Doux, lointains et en mouvement, les nuages attirent la curiosité des croyants depuis des milliers d’années. Dans la mythologie grecque par exemple, ils protégeaient les armées et les guerriers favoris des dieux, en les cachant.

Les artistes s’en sont emparés pour ajouter des émotions et du réalisme à leurs œuvres : le ciel est le miroir de ce qu’il se passe ici-bas. Aujourd’hui dans Triptyque, je vous présente trois œuvres visuelles, à la fois expérimentales et ancrées dans leur époque, qui témoignent de ces tracés blancs cotonneux que l’on rêve de toucher enfant.


En 2008, le photographe français Laurent Millet réalise la série Nuées, qui met en scène des nuages enfermés dans une boîte transparente. Une illusion d’optique dans laquelle le photographe dispose simplement une boîte en verre entre l’appareil photo et les nuages, comme la modélisation poétique d’un rêve à peine attrapé. 

“Cela crée un écho avec la machine optique qui enregistre l’image. Il est question de perspective, de boîte, tout cela participe à une mise en abyme du médium lui-même. Je joue sur l’aspect des objets, qui évoque la théorie optique de l’image, mais dans les faits, ces objets restent très lointains de la théorie. Leur dimension concrète, au contraire, les rend imparfaits et correspond au bricolage de leur construction. Il existe aussi une tension entre le contexte forestier ou nuageux, qui est hors de contrôle, formé par la prolifération, où peut se lire l’ornementation, et les allusions faites à ces théories abstraites.” – Laurent Millet


Bien plus tôt, entre 1499 et 1502, le graveur et peintre italien Andrea Mantegna exécutait son tableau Minerve chassant les Vices du jardin de la Vertu, aussi appelé Triomphe des Vertus. Cette allégorie représente la victoire de la Raison et de la Sagesse sur les vices.

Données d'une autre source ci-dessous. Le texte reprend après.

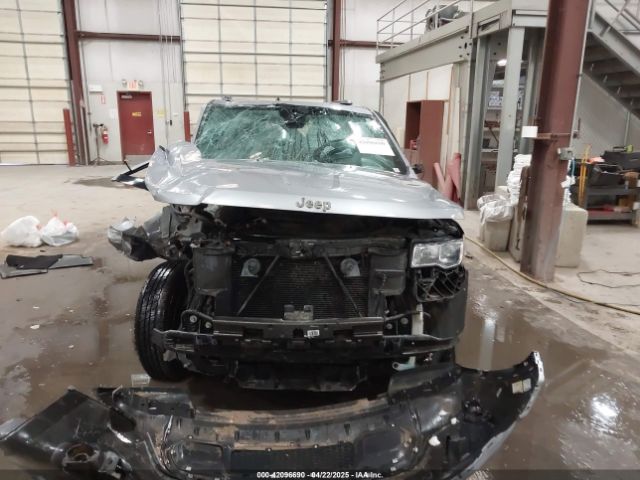 1C4RJFAG1LC185097 Jeep Grand Cherokee Laredo E 4x4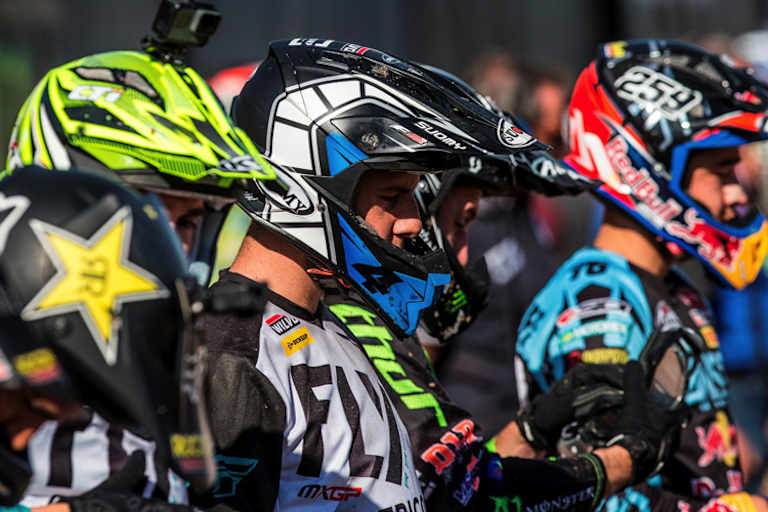 Arnaud Tonus stürzte ebenfalls im zweiten Lauf von Kegums, wird aber in einer Woche wieder fit sein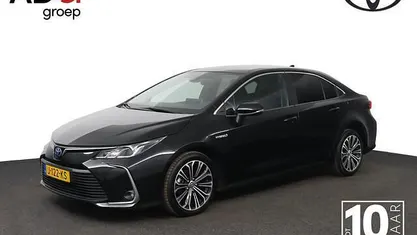 Zwart Occasion 2020 Toyota Corolla Sedan | € 21.450 (Eerlijke prijs)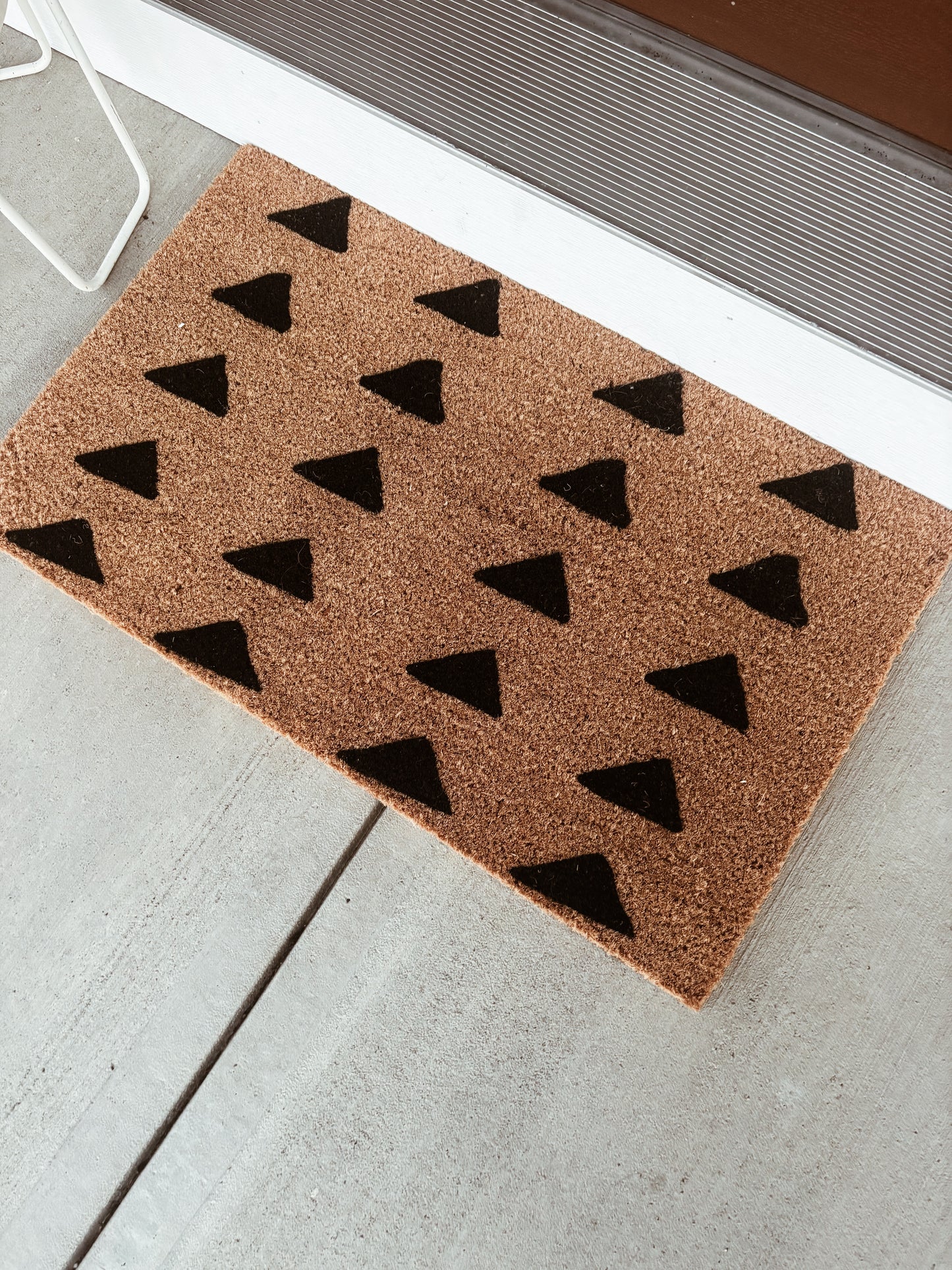 Triangle doormat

Aujourd’hui conservé au Musée du Louvre, le tableau resplendit de mille couleurs. Dans un ciel crépusculaire, le peintre de la Première Renaissance peint des nuages très contrastés, dans lesquels on distingue quelques visages.

Au centre de l’un d’entre eux, particulièrement rond, Andrea Mantegna représente les trois autres vertus : la Force arborant sa massue, sa colonne et une peau de lion d’Hercule, la Tempérance qui verse du vin et la Justice, accompagnée de son glaive et sa balance. Les nuages sont un élément du décor qui permet aux personnages d’être mis en scène selon une hiérarchie divine.

Andrea Mantegna, Minerve chassant les Vices du jardin de la Vertu

Lors de la Nuit Blanche de Calgary, au Canada, en 2012, Caitlind Brown et Wayne Garrett présentaient CLOUD. L’œuvre du duo, spécialisé dans le design, est une sculpture interactive à grande échelle composée de plus de 6 000 ampoules de récupération, et d’une multitude de chaînes.

Ces dernières permettent au public d’éclairer et d’éteindre la construction expérimentale, donnant vie au nuage. Un illusion de la foudre spectaculaire, entre poésie et créativité, qui a attiré la curiosité des passants.